Modify

Opened 14 years ago

Closed 14 years ago

Last modified 13 years ago

#1499 closed Feature Request (Fixed)

Performance increase to internal __FTP_ListToArray()

Reported by: Beege Owned by: Jpm
Milestone: 3.3.7.0 Component: Standard UDFs
Version: Severity: None
Keywords: _FTPEx Cc:

Description

In the current internal function _FTP_ListToArray, every time a new item is added to the array, the array is Resized by only +1, which can be a major performance hit when getting directory listing of large numbers. If we instead Resize by ubound*2, and then trim unused slots at the end of function, we can avoid a lot or resizing.
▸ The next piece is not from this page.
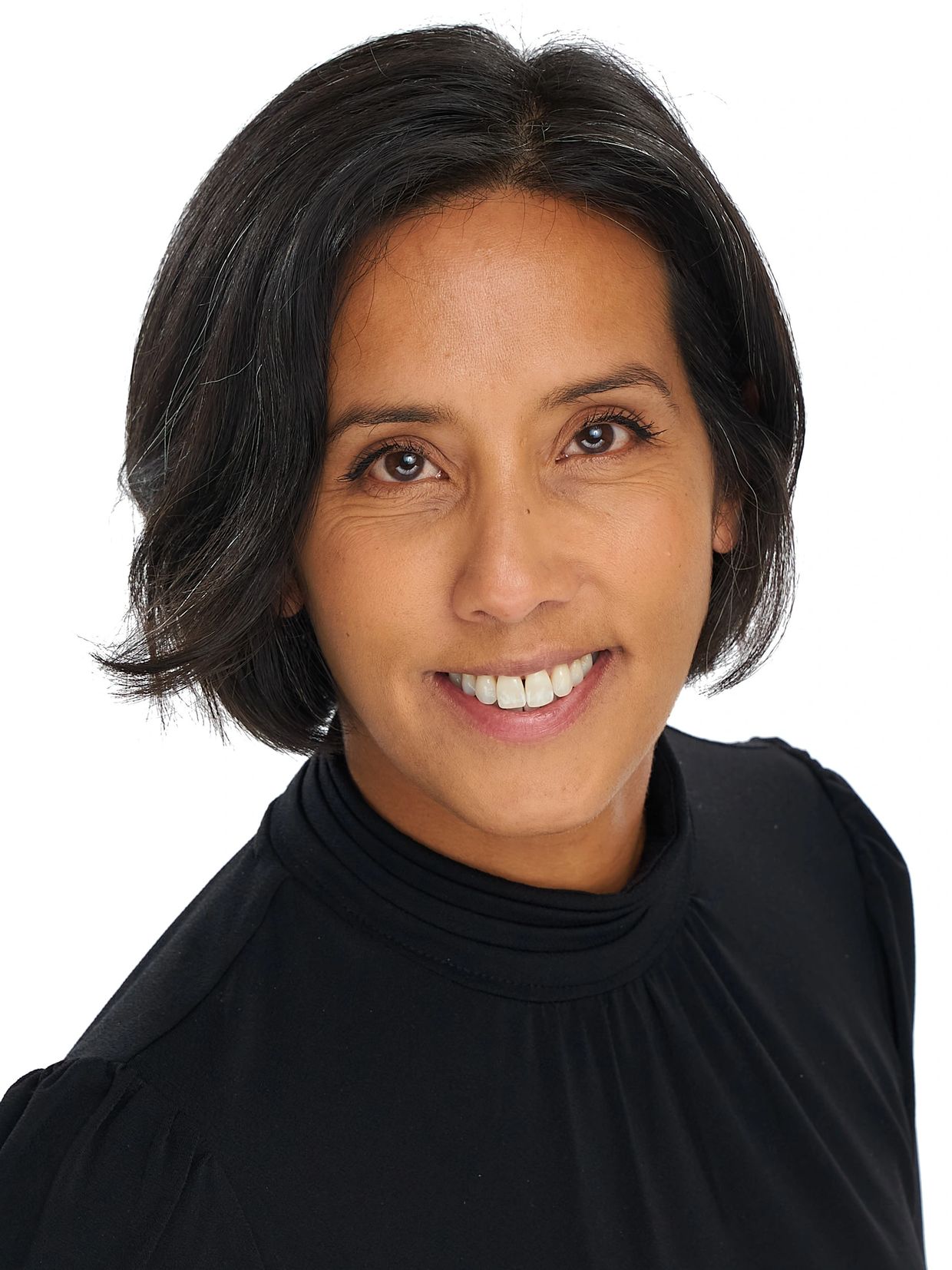 Smiling woman with short black hair wearing a black top.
I learned this method from the original _filelisttoarray() func.

I have included a example with changes to the function and a demonstration of the new vs. old. I have put a set of XXXXXXXXXXXXXXXXXXXXXXXXXXX around any lines that I changed or added. Not that many changes were needed since the function already kept track of array size in index $array[0]. Thank you for your consideration and hard work in creating this wonderful language.:)

Attachments (1)

_FTP_Listtoarray.au3 (7.9 KB) - added by Beege 14 years ago.

Download all attachments as: .zip

Change History (11)

Changed 14 years ago by Beege

comment:1 Changed 14 years ago by TicketCleanup

  • Version 3.3.4.0 deleted

Automatic ticket cleanup.

comment:2 Changed 14 years ago by Jpm

  • Milestone set to 3.3.7.0
  • Owner changed from Gary to Jpm
  • Resolution set to Fixed
  • Status changed from new to closed

Fixed by revision [5802] in version: 3.3.7.0

comment:3 Changed 14 years ago by Spiff59

His version is not going to work as coded.
If $Return_Type is '1' (Directories only) or '2' (Files only) he never bothers to check the value of $Arraycount for the Redim() at the end of the routine. As coded, it simply defaults to returning a one-dimension array. Therefore, with $Return_Type set to '1' or '2', the proposed FTP_ListToArray() internal routine would only work correctly when called from _FTP_ListToArray(), and would fail when called by either _FTP_ListToArray2D() or _FTP_ListToArrayEx().

Also, why all the extra code to build and maintain separate arrays for files and directories, when they are ALWAYS combined at the end?

I'd suggest the following, which fixes the Redim() bug, eliminates a bunch of useless code, and is faster yet:

Func __FTP_ListToArray($l_FTPSession, $Return_Type = 0, $l_Flags = 0, $bFmt = 1, $ArrayCount = 6, $l_Context = 0)
	Local $tWIN32_FIND_DATA, $tFileTime, $IsDir, $callFindNext
	Local $Index = 0
	If $ArrayCount = 1 Then ; filename only
		Local $Array[1]
	Else
		Local $Array[1][$ArrayCount]
	EndIf

	If $Return_Type < 0 Or $Return_Type > 2 Then Return SetError(1, 0, $Array)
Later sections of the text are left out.